I have a small program below. I understand the results from the first 2 statements inside the initial block. But I am not able to understand the last $display statement. How did it yield 'hff_ffff_ffff? I thought it should give the same result as in the first $display ('hffff_ffff). I am not sure what I am missing here.

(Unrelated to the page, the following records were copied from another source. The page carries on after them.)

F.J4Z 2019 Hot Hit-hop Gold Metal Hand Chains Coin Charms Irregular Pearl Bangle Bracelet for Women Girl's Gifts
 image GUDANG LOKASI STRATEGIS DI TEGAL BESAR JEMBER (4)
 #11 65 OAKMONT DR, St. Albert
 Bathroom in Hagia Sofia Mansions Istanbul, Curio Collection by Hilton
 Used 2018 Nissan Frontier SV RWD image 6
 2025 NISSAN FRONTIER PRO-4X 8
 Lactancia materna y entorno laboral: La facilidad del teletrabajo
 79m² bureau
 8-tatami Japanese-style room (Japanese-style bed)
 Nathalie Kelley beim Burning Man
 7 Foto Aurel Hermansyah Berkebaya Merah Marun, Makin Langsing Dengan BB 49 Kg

typedef bit unsigned [63 : 0] my_type;
int unsigned addr_width = 40;

initial begin
    $display("A: $bits((1 << addr_width)-1) = %0d\n ((1 << addr_width) -1) ='h%0h\n",
             $bits( (1 << addr_width) -1 ),  
             (1 << addr_width) -1);          

    $display("B: $bits( 64'd1 << addr_width) = %0d\n ((64'd1 << addr_width) -1) ='h%0h\n",
             $bits( 64'd1 << addr_width),     
             ( 64'd1 << addr_width) -1);      
    
    $display("C: $bits( my_type'( ((1 << addr_width)-1)) ) = %0d\n my_type'( ((1 << addr_width)-1)) = 'h%0h\n",
             $bits( my_type'( ((1 << addr_width)-1)) ),    
             my_type'( ((1 << addr_width)-1)));            
end

Simulation results:

A: $bits((1 << addr_width)-1) = 32
((1 << addr_width) -1) ='hffffffff

B: $bits( 64’d1 << addr_width) = 64
((64’d1 << addr_width) -1) ='hffffffffff

C: $bits( my_type’( ((1 << addr_width)-1)) ) = 64
my_type’( ((1 << addr_width)-1)) = 'hffffffffff

In reply to verifsc:

Here is what I thought the last $display does:

1. 1 << addr_width yields a 32 bit signed result. The value is 0.
2. (1 << addr_width) -1 yields a 32 bits signed result. The value is -1.
3. my_type’( ((1 << addr_width)-1)) casts “-1” to my_type which is an unsigned 64 bit data type. It should pad the 32 bits signed value (-1) with 0s to 64 bits. The value should be 'h0000_0000_ffff_ffff.

In reply to verifsc:

No, extension of operands occurs before any operation. The steps of the expression become

1. Extend two operands in context: ((64’d1 << addr_width)-64’d1))
2. Evaluate shift: 64 'h10000000000 - 64’d1
3. Subtraction: 64’hff_ffff_ffff